Escola Superior de Musica

Essa é a opinião de todos os estudantes contactados, para quem o contexto desconfortável não impacta irremediavelmente a aprendizagem. “Penso que vale 100% a pena [ter aulas presenciais], tendo a noção dos riscos, que minimizamos com as normas de segurança”, destaca Inês Sousa, sublinhando a possibilidade dos professores terem “outro feedback dos alunos e poderem reformular ou reajustar a explicação”.

A turma de Maria João Saraiva está habituada a uma modalidade de aprendizagem que está “fora da mesa”, neste momento, conta a estudante: os trabalho de grupo. Ainda assim, ressalva, esta experiência presencial “está a valer a pena”, ao permitir aos estudantes fazer perguntas e trocar ideias, algo que considera “um importante complemento à aprendizagem”.

 


“Já interiorizei que [a Escola] vai ser assim num futuro próximo – vamos ter de nos habituar e quanto mais cedo, melhor”.
Marta Freitas, estudante


 

Para Marta Freitas, o facto de todas as possíveis e clássicas distrações de um estudante em sala de aula estarem proibidas – como os clássicos “bilhetinhos” ou as intemporais “conversas paralelas” – facilita a aprendizagem. “Estou a absorver melhor a matéria agora do que em casa. Está a resultar bem”, resume.

 

Olhar o futuro

A totalidade dos estudantes contactados olham este regresso como uma necessidade. Alguns, pela importância da aprendizagem e de garantir a melhor preparação. Outros, como Maria João Saraiva, estudante do 11.º ano, “estão a ver para além deste mês e meio” – “Estamos a aprender como tudo isto funciona para, no próximo ano, ser uma coisa normal e já estarmos adaptados”. A mesma ideia é destacada por Marta Freitas: “Já interiorizei que [a Escola] vai ser assim num futuro próximo – vamos ter de nos habituar e quanto mais cedo, melhor”.

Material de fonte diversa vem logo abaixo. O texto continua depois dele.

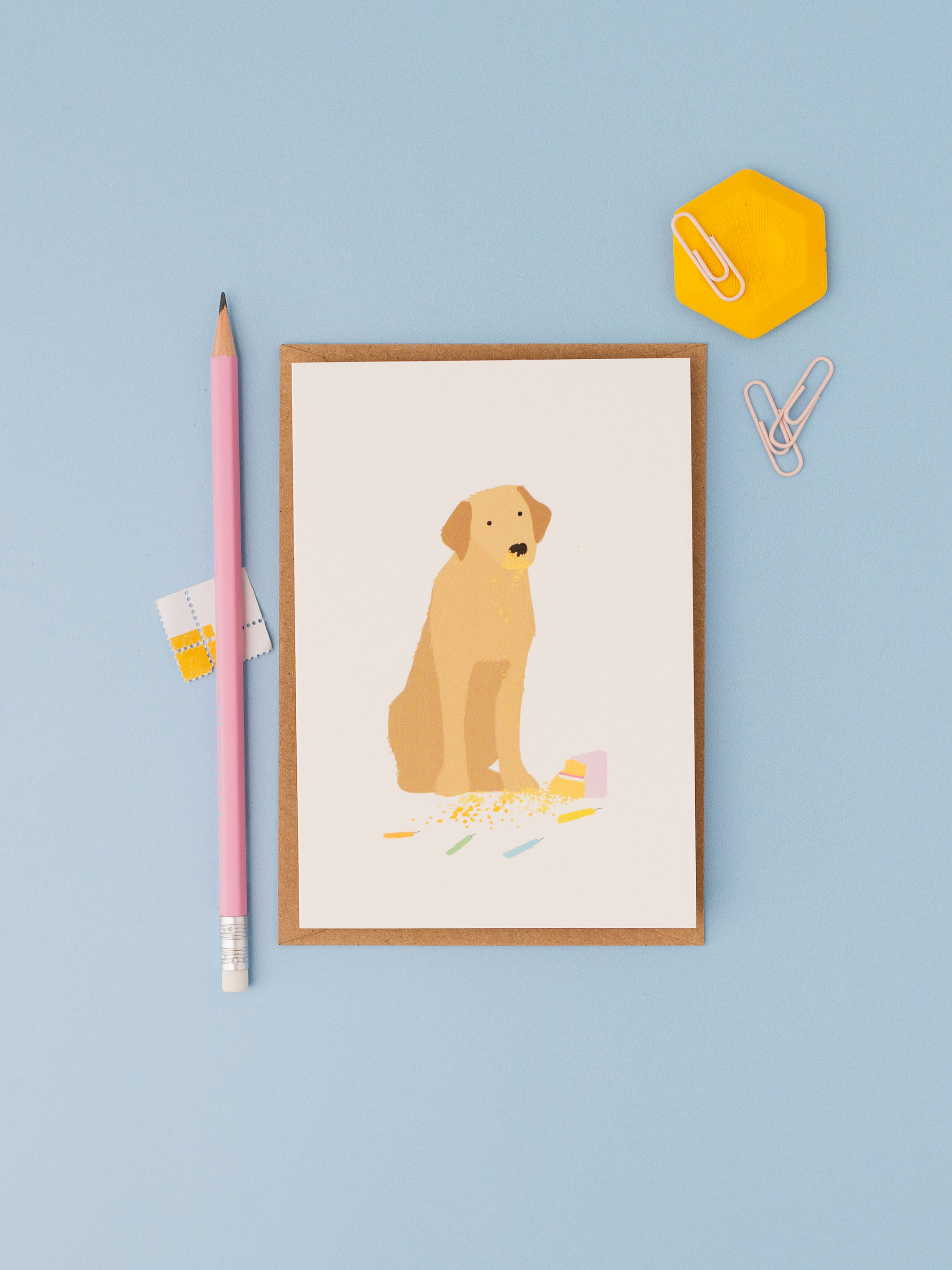 Naughty golden Labrador birthday card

O regresso é importante, mas ainda mais essencial é que as regras de segurança sejam cumpridas, destaca Teresa Silvestre. Se é verdade que os estudos apontam para uma menor taxa de letalidade do novo coronavírus nos mais jovens, a infeção não termina em nós mesmos, recorda. “Eu sinto que, mesmo que a consequência não seja tão forte em nós [jovens], passamos a ser um vírus andante. Os jovens podem acabar por ser uma arma, se não nos protegermos”, sublinha, antes de concluir: “É a partir de nós que as coisas vão mudar. Gostava que as pessoas interiorizassem isso”.